**Study material:**
↓
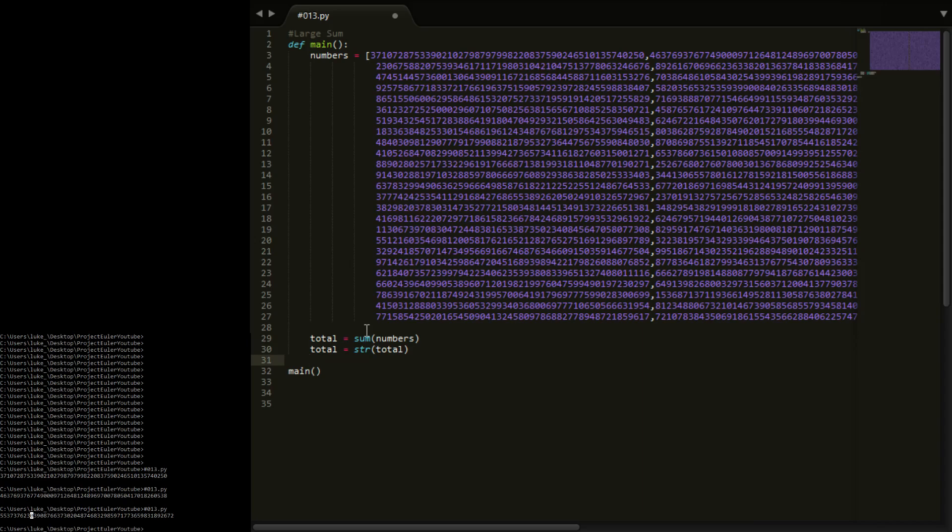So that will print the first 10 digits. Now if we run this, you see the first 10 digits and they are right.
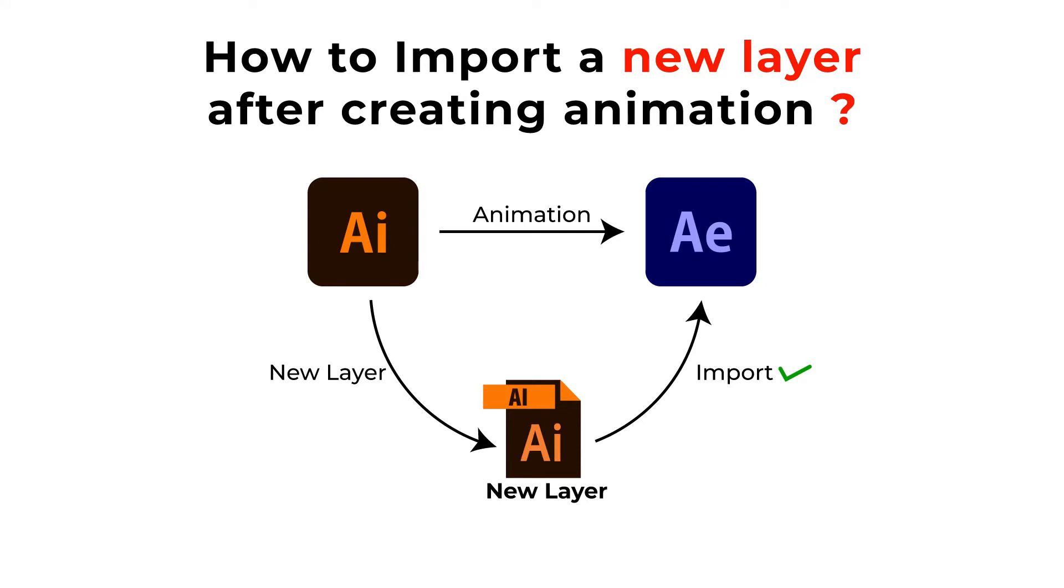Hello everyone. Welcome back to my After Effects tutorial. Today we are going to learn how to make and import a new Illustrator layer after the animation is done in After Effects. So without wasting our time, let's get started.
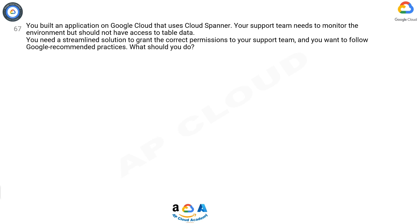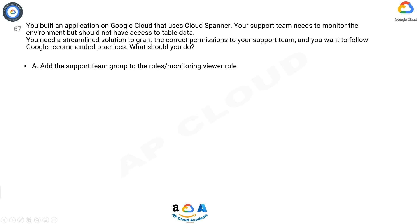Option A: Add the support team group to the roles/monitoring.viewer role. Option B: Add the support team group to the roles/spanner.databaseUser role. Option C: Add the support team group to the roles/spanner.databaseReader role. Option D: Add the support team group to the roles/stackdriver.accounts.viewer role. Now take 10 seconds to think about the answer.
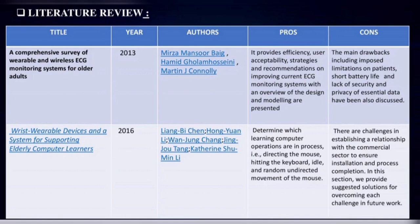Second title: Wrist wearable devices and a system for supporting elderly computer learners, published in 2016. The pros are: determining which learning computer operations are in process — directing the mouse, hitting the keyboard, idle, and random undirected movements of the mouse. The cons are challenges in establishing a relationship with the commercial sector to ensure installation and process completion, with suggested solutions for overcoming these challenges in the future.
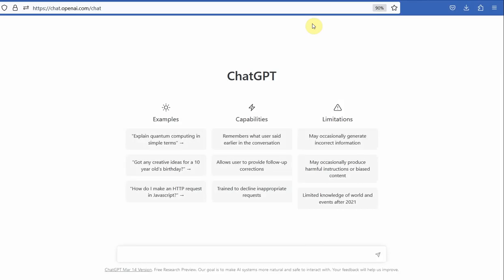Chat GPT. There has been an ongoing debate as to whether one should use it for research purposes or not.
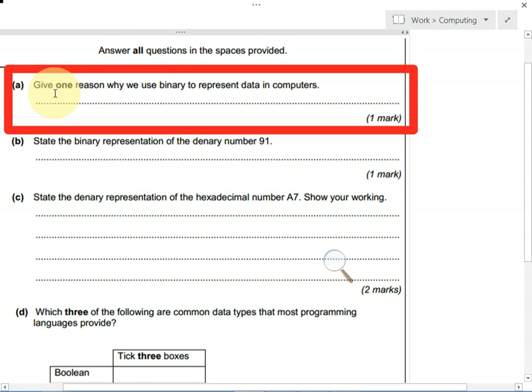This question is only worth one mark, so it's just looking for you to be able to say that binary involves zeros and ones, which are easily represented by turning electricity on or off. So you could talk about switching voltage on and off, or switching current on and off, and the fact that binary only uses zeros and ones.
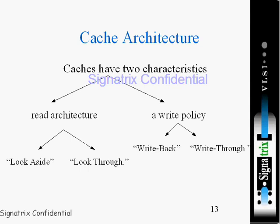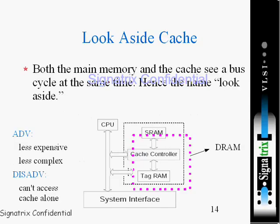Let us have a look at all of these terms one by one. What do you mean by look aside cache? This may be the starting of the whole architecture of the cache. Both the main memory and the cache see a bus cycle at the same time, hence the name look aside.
↑
**Your task:** Copy out the listing word for word and skip its pictures.

**Answer to this task:**
So that will print the first 10 digits. Now if we run this, you see the first 10 digits and they are right.
Hello everyone. Welcome back to my After Effects tutorial. Today we are going to learn how to make and import a new Illustrator layer after the animation is done in After Effects. So without wasting our time, let's get started.
Option A: Add the support team group to the roles/monitoring.viewer role. Option B: Add the support team group to the roles/spanner.databaseUser role. Option C: Add the support team group to the roles/spanner.databaseReader role. Option D: Add the support team group to the roles/stackdriver.accounts.viewer role. Now take 10 seconds to think about the answer.
Second title: Wrist wearable devices and a system for supporting elderly computer learners, published in 2016. The pros are: determining which learning computer operations are in process — directing the mouse, hitting the keyboard, idle, and random undirected movements of the mouse. The cons are challenges in establishing a relationship with the commercial sector to ensure installation and process completion, with suggested solutions for overcoming these challenges in the future.
Chat GPT. There has been an ongoing debate as to whether one should use it for research purposes or not.
This question is only worth one mark, so it's just looking for you to be able to say that binary involves zeros and ones, which are easily represented by turning electricity on or off. So you could talk about switching voltage on and off, or switching current on and off, and the fact that binary only uses zeros and ones.
Let us have a look at all of these terms one by one. What do you mean by look aside cache? This may be the starting of the whole architecture of the cache. Both the main memory and the cache see a bus cycle at the same time, hence the name look aside.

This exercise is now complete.